FireWise Consulting was operated for 13 years by three partners, including Ernie Polsom, Bob Turley, and recently retired Glen Sanders. This spring 2022, Glen retired and sold his share to Ernie Polsom. Polsom served as the fire chief in several western Canadian cities. Polsom also spent many years working for the Office of the Fire Commissioner in Alberta, where he assisted many First Nations Communities. He enjoys the connection to First Nations by marriage and family. He is concerned about fire safety and other issues in First Nations communities in all regions of Canada.
FireWise Consulting was started in 2008 after a B.C. 2004 a Judgement of Inquiry looked into the line of duty death of a paid-on-call firefighter in Clearwater, B.C.. The inquiry made three recommendations. The most significant recommendation was that every fire department in the province of B.C. should be audited to comply with safety standards, best practices, equipment, and maintenance.
At this point, FireWise Consulting became involved in audits of fire departments on request. In the following years, FireWise Consulting conducted more than 150 audits and inspections in B.C. and Alberta.
FireWise Consulting doesn't have teams to engage wildland fires. Instead, they provide education, and conduct fire service reviews. They help fire departments get better organized and better equipped for meeting expanding service delivery objectives. They provide online training and deliver fire prevention programs. They assess fire risks to property and educate on how to make structures more fire safe.

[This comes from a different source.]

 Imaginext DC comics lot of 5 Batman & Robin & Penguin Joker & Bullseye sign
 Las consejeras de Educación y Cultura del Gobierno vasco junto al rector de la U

Insurance companies welcome the process of improving fire safety. Most fires are preventable. "We deliver fire investigation training. And we have a First Nations fire prevention training program for structures and homes."
The audits and inspections were not punitive. They are status reports of where fire departments were standing in compliance with the safety of the firefighters. The status reports made recommendations creating a roadmap for the fire department and their governing body to improve.
Local governments have to step up to the plate, municipalities and regional districts face funding issues, WorksafeBC issues, occupational health and safety regulations and priorities. FireWise pointed out to the fire departments the necessity of interacting with jurisdictional authorities. It is a team effort with assigned responsibilities and duties to meet the duty of care and standard of care obligations.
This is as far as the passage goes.